AVAILABLE DATA
# # # #
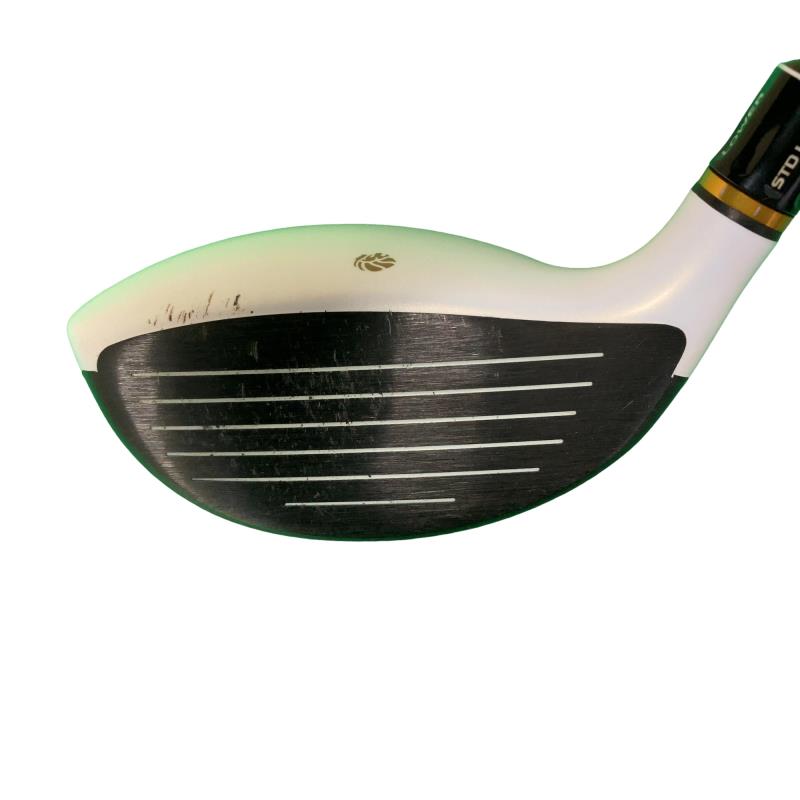 �f�k�n�h�q�d�@�R�v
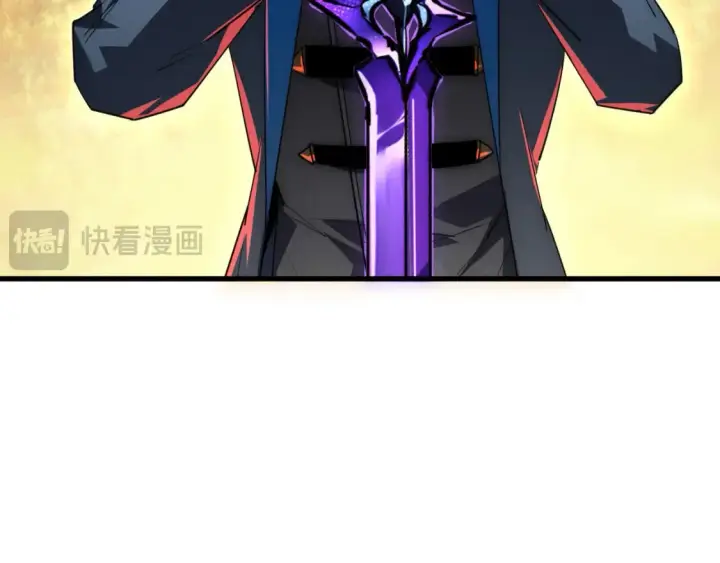 《从末世崛起》248 突破！中级战神！图34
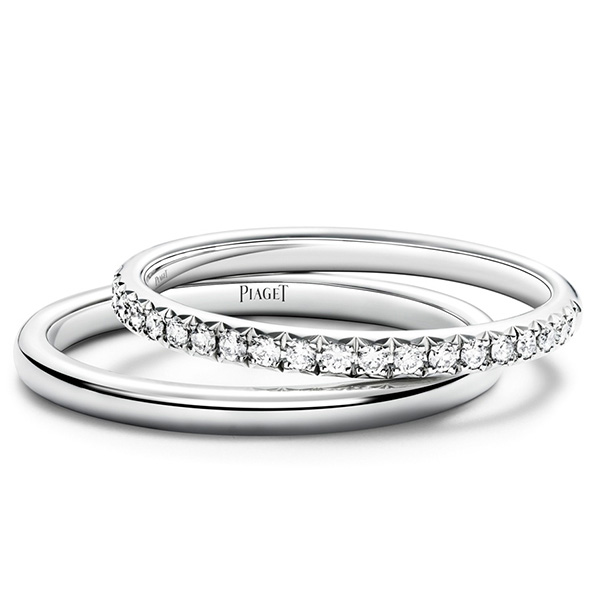 Piaget LimelightY(ji)錦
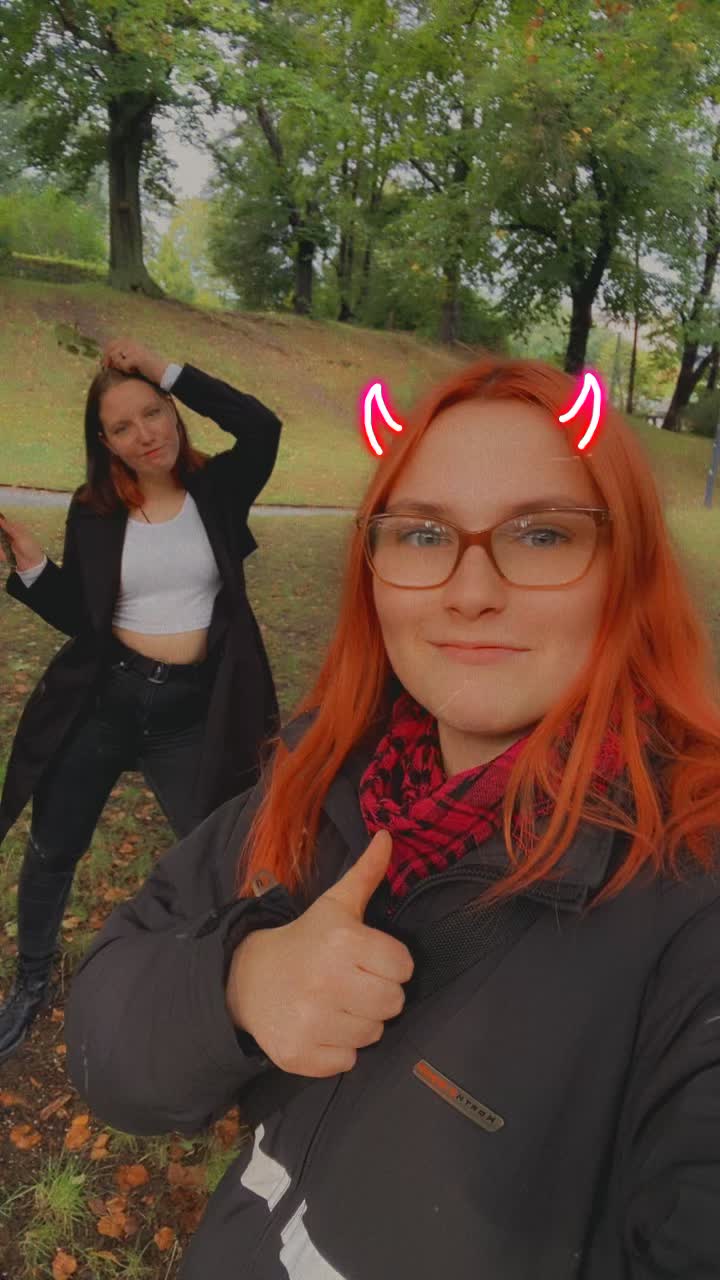 @sindy_irgendwas_22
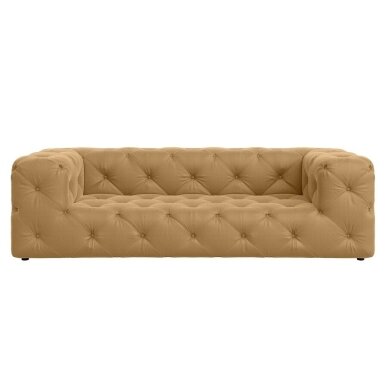Trivietė sofa "FRESCO"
# # # #
Output all the material exactly. The pictures are to be left out.

THE ANSWER
 �f�k�n�h�q�d�@�R�v
 《从末世崛起》248 突破！中级战神！图34
 Piaget LimelightY(ji)錦
 @sindy_irgendwas_22
Trivietė sofa "FRESCO"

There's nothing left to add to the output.